Cute little seaside boardwalk

Running shoes in the sand?  Cold?  Yes.

Beach!

Very cold water

So many flowers

Daniel was not dry the rest of the day

We sat in the sand for a good while just hanging out.  You see a lot of different types of attire here in England.  I'll do another post on it later, let just say that the nose piercing I've had for the last year or so fits right in.  My blonde hair does not, a bright shade of purple or red might be more appropriate for my age... but that's a topic for another day.  At the beach, there was a weird mixture of sissys like us who had nine layers of clothes on, and then the average Scarboroghonian (??) (Scarboroughniantonianists) who had a swimsuit on.  Evidently "cold" weather is a relative phenomenon.  (As is a cheese sandwich...if you order a cheese sandwich, you will not get grilled cheese but a slice of chilly cheese on a piece of bread.  In Scarborough, you will get a mound of shredded Kraft on a hamburger bun (How do you eat it??) ).  
The ruins of Scarborough Caslte

After our athletic shoes were heavy with sand, Daniel suggested we climb up the Scarborough Castle.  I had to contort my neck in a very ungraceful position to see the castle behind me, which made me think twice about not having a car.  Scarborough is very hilly.  So we climbed and walked and climbed...but it was so worth it!  The castle ruins and ground were probably my second favorite place we've visited so far.  So desolate and beautiful.  You know those pictures you see of the cliffs of England and Ireland?  We were on top of them! 
 Harry Potter nerds:  
1.  It was like when Dumbledore takes Harry to the caves where Voldemort hid the horcrux!  
2.  Tomorrow!  I will see the movie 6 hours ahead of you!!!!!
Surveying his domain 
Take a look at the windy pictures.  We have video too but can't load it with the slow connection at our B&B. Afterwards, we walked around some of the seedier parts of town, had dinner and returned home on the train.  Daniel even serenaded Andrew and I on our empty train cart, it was comical.  (It was something...)
Ruins of the castle tower


Andrew began gnawing on "wheat"... which he said wan't actually wheat, so he called it "faux-wheat",  or "fwheat"

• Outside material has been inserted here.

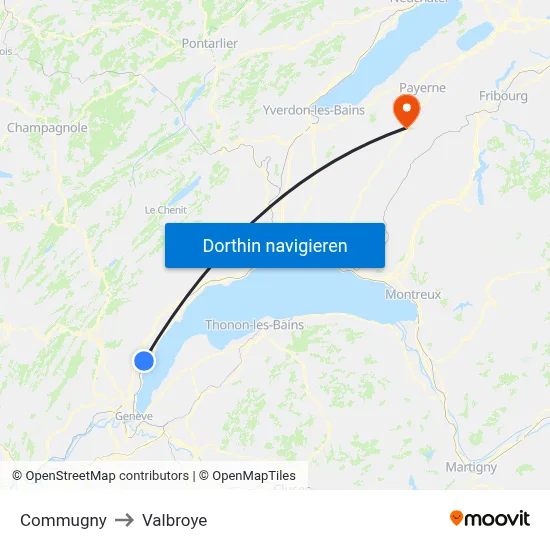 Commugny to Valbroye map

Lord of the Rings fans should be very happy with this picture.
"Light the beacons!!"



Awwww....

You can't see it, but he still has the fwheat in his mouth... nerd.

Tomorrow is going to be a good day - as we said, we're seeing the last Harry Potter movie and BY THE WAY - we found out that The Dufay Ensemble played on the soundtrack of Harry Potter and the Prisoner of Azkaban (movie #3)!!!  All you fellow nerds, listen to the soundtrack and see if you can pick out where they play.  How's THAT for connecting current pop culture with early music??  Tomorrow is also the biggest concert of the entire festival - The Sixteen perform in York Minster Cathedral!  I've been a Sixteen fan for a long time, so hooray!

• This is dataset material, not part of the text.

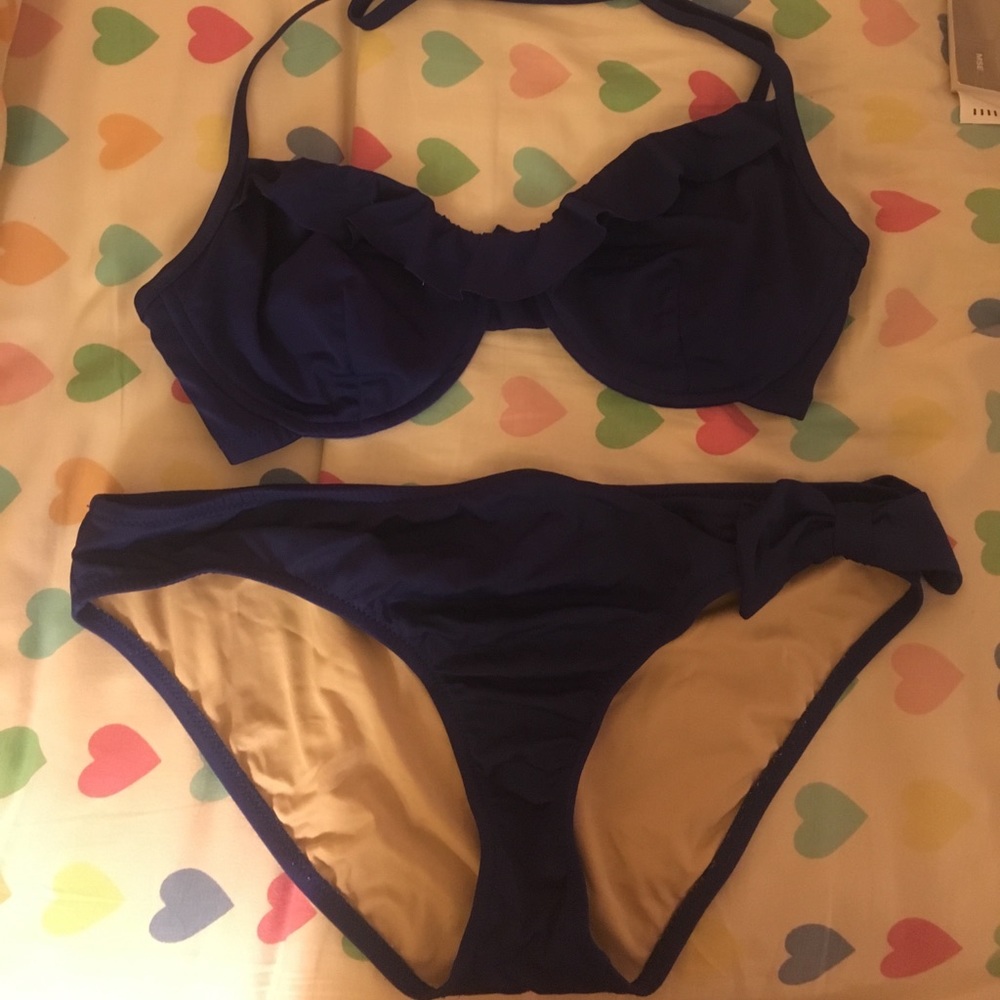 Jcrew deep royal blue bikini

Before we go, Happy Birthday to my beautiful and wonderful Mom today by the way!  Love you Mom!!

July 14, 2011

Day 6 - York: York Minster Cathedral, Too Much Fish & Chips, The Harp Concert, and The Brabant Ensemble

Well, after being here for 4 days and going to a concert and a church service in York Minster Cathedral, we finally got a chance to actually explore the place!  It kind of feels like our "home church" in a city of churches because it takes 39 seconds to walk there (I timed it.) (Allison's Note: Nerd)  I feel bad gushing more about how beautiful it is, but it really is a breathtaking sight. 

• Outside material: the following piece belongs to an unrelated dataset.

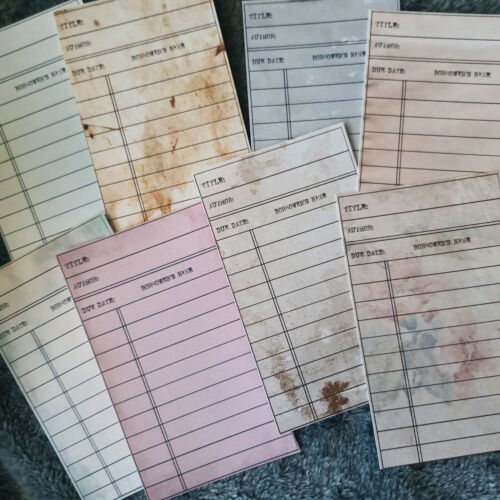 20 Retro Blank Library Cards Book Checkout Due Date Bookmark Craft Ephemera - Picture 3 of 5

 The inside has a really nice museum in the basement/crypt area telling you where the original Roman basilica was in the first century AD, then where the Saxons (ancient English) built a small church in the 600s, then where the Normans (ancient French) built a large church in the 1100s, and finally when the cathedral was built in the 13-1400s.  Each new building was basically built on top of the previous one, so there are layers of stone and foundations under the cathedral that chronicle its' 1,900 year history.  (There are parts in the crypt where you can see the Roman and Norman architecture merging... so cool!)


The organ

The Quire (where the choir sits :-)

My gratuitous Lord of the Rings shot



Daniel and I took the long walk up to the top of the central tower, which consists of about 250 tiny stone steps in a tight spiral staircase to get to the top.  It's pretty intense - several times I couldn't fit through the passageways unless I turned my shoulders!  


This x 250 = the top of York Minster



The view from the top is amazing, though, (Nope!  I didn't go.  I had a tour by one of the 200 volunteers around the minster itself.  Heights + Allison = puke) and you can see all of York 360 degrees around and even into the farmland outside.  I do believe my knees and legs are killing me now but it was worth it.







Then it got cold.  And windy.  So we changed and I used a gift that I bought for someone as layering to keep me warm.  Sorry Lindsey.  We met Daniel after his concert for authentic fish n'chips.  It was so good that we didn't take any pictures because we were too focused on eating.  Mmmmm.

Then I got my ear pierced again.  Don't worry Fund for Teachers, you didn't pay for it :-)

Allison's York souvenir is in the top left of the picture :-)

Then we headed to our next two concerts of the evening.  The first one was the Harp Ensemble - 4 players playing all sorts of instruments...the violin, the hurdy-gurdy, the triple harp (earlier version of our current harp), the Psaltery (like a strummed dulcimer or auto harp), the guitar, the bagpipes, the shawm, and the cornetto (an instrument that sounds like a mellow trumpet - made of wood with a mouthpiece and finger holes.  Think a long recorder that you buzz into!)  The concert involved not only music, but dancing and poetry, too.  It was very diverse and very entertaining.

This is pretty much what this guy did the whole time - no lie
The second concert was the Brabant Ensemble, a 12 voice vocal group who have been around since 1998.  They did a beautiful job - they focus on lesser know composers of the 15th & 16th centuries.  Here's the program:
*Mater floreat - Pierre Moulu
*Mater Christi sanctissima - Tavenrer 
*Gloria (from Missa 'El Ojo') - Francisco de Penalosa
*Quam pulchra es - King Henry VIII (Did you know that Henry VIII probably wrote two settings of the Mass Ordinary?  They did not survive, but this piece is his only surviving Latin piece.  The words are from Song of Solomon...actually pretty racy!)
*Salve regina - Cristobal de Morales
*Sanctus (from Missa 'Tu es Petrus') - Jean Mouton
*Aspice Domine - Phillip van Wilder
*Agnus Dei (from Missa 'Alma Redemptoris mater') - Pierre Moulu  (this piece became famous as a "telescope canon" - where the music can be sung either with rests or without them!)




The conductor had interesting interpretations on some things - the sopranos had no vibrato throughout the concert, but the other parts (particularly the men) used it at least sometimes, but never on the final note of the songs.  Also, the sopranos were VERY loud on several of the pieces.  I argued that it was not a balance problem; that the conductor must have a musical reason for doing that on certain pieces.  After all, they are a professional group and the conductor was a Choir Scholar at Cambridge and has a doctorate in Early Music from Oxford.  The guy knows a thing or two!  Any professors out there want to shed any light on these observations in the comments section??